1. Migrating from Prometheus to OpenTelemetry

Prometheus has been widely embraced by the community. The long-term objective involves moving towards OpenTelemetry, which entails adopting new instrumentation methods. This journey involves updating frameworks and rewriting code. The transition to OpenTelemetry can occur progressively and in incremental steps.

Step 1: Configure Prometheus Target Discovery

Targets may be statically configured via the static_configs parameter or dynamically discovered using Prometheus operator.Prometheus Operator uses Service Monitor CRD to perform auto-discovery and auto-configuration of scraping targets.

1. Prometheus Native Target Discovery

Scraping Configuration

To set up native Prometheus target discovery, first, exclude sections such as Alerting, Storage, Recording Rules, Tracing, and Remote Read/Write, unless configuring the Remote Write feature for the PRW exporter is desired.

Escaping $ Characters

Since the collector configuration supports env variable substitution $ characters in your prometheus configuration are interpreted as environment variables. If you want to use $ characters in your prometheus configuration, you must escape them using $$.

Sample Prometheus Configuration Before Exclusions and Escaping

# Alertmanager configuration
alerting:
  alertmanagers:
    - static_configs:
        - targets:
          - alertmanager:9093

# Recording Rules
rule_files:
  - "first_rules.yml"
  - "second_rules.yml"

scrape_configs:
  # App monitoring
  - job_name: 'backend2-scrape-job'
    scrape_interval: 1m
    static_configs:
      - targets: ["localhost:5000"]

  # Prometheus Self-Monitoring
  - job_name: 'prometheus-self'
    scrape_interval: 30s
    static_configs:
      - targets: ["localhost:9090"]
    metric_relabel_configs:
      - action: labeldrop
        regex: (id|name)
        replacement: $1
      - action: labelmap
        regex: label_(.+)
        replacement: $1 
    
# Configuration for Remote Write Exporter
remote_write:
  - url: http://prometheus.observability-backend.svc.cluster.local:80/api/v1/write

Sample Prometheus Configuration After Exclusions and Escaping

scrape_configs:
  # App monitoring
  - job_name: 'backend2-scrape-job'
    scrape_interval: 1m
    static_configs:
      - targets: ["localhost:5000"]

  # Prometheus Self-Monitoring
  - job_name: 'prometheus-self'
    scrape_interval: 30s
    static_configs:
      - targets: ["localhost:9090"]
    metric_relabel_configs:
      - action: labeldrop
        regex: (id|name)
        replacement: $$1
      - action: labelmap
        regex: label_(.+)
        replacement: $$1 

2. Auto Discovery with Prometheus Operator CR's using Service and Pod Monitors

The Prometheus operator simplifies Prometheus scrape configurations by allowing us to define Prometheus CR's. These CRs dynamically edit the Prometheus configuration file and add scrape configurations, making the process much easier.

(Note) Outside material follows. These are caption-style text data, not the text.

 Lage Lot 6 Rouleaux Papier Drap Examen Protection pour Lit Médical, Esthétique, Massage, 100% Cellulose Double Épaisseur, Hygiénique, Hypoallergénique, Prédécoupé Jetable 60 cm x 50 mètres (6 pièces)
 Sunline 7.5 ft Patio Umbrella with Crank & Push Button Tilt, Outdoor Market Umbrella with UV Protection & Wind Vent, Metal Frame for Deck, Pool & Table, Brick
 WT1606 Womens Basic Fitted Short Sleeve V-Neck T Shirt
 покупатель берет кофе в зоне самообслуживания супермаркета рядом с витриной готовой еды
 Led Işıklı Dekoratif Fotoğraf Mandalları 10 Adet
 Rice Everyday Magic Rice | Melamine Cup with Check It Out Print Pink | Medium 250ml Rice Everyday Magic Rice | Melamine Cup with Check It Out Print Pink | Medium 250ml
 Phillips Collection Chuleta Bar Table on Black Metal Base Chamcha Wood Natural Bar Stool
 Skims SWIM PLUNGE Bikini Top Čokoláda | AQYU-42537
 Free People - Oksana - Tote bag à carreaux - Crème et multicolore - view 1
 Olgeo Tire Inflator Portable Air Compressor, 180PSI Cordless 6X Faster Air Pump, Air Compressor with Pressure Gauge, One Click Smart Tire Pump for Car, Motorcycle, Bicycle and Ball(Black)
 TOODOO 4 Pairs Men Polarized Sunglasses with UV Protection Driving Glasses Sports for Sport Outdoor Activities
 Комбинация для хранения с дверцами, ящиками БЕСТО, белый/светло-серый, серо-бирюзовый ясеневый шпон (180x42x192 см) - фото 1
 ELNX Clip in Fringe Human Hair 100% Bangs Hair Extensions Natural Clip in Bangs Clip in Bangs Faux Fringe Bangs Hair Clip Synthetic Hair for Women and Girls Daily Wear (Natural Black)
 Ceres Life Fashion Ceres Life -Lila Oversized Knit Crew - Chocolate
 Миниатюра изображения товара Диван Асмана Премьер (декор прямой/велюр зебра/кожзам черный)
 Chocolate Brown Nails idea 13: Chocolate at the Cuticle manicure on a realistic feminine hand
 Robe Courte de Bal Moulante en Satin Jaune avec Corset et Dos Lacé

In order to apply a pod or service monitor, the CRDs need to be installed:

kubectl apply -f https://raw.githubusercontent.com/prometheus-operator/prometheus-operator/main/example/prometheus-operator-crd/monitoring.coreos.com_servicemonitors.yaml

kubectl apply -f https://raw.githubusercontent.com/prometheus-operator/prometheus-operator/main/example/prometheus-operator-crd/monitoring.coreos.com_podmonitors.yaml

You can verify both CRDs are present with the command kubectl get customresourcedefinitions. After that, ensure that the following lines are added to your list of CRDs.

podmonitors.monitoring.coreos.com         
servicemonitors.monitoring.coreos.com      

Step 2: Setting Up OpenTelemetry Collector

In this step, we'll guide you through configuring the OpenTelemetry Collector to seamlessly integrate with Prometheus scenarios.

Receivers:

  • Prometheus Receiver:
    • A minimal drop-in replacement for collecting metrics.
    • Supports full Prometheus scrape_config options and service discovery via Prometheus CRs for compatibility.

Exporters:

  • Prometheus Exporter (prometheus):

    • Pull-based exporter, exporting data in Prometheus format, making it suitable for scraping by a Prometheus server
  • Prometheus Remote Write Exporter (prometheusremotewrite):

    • Push-based exporter, sending metrics to Prometheus remote write compatible backends.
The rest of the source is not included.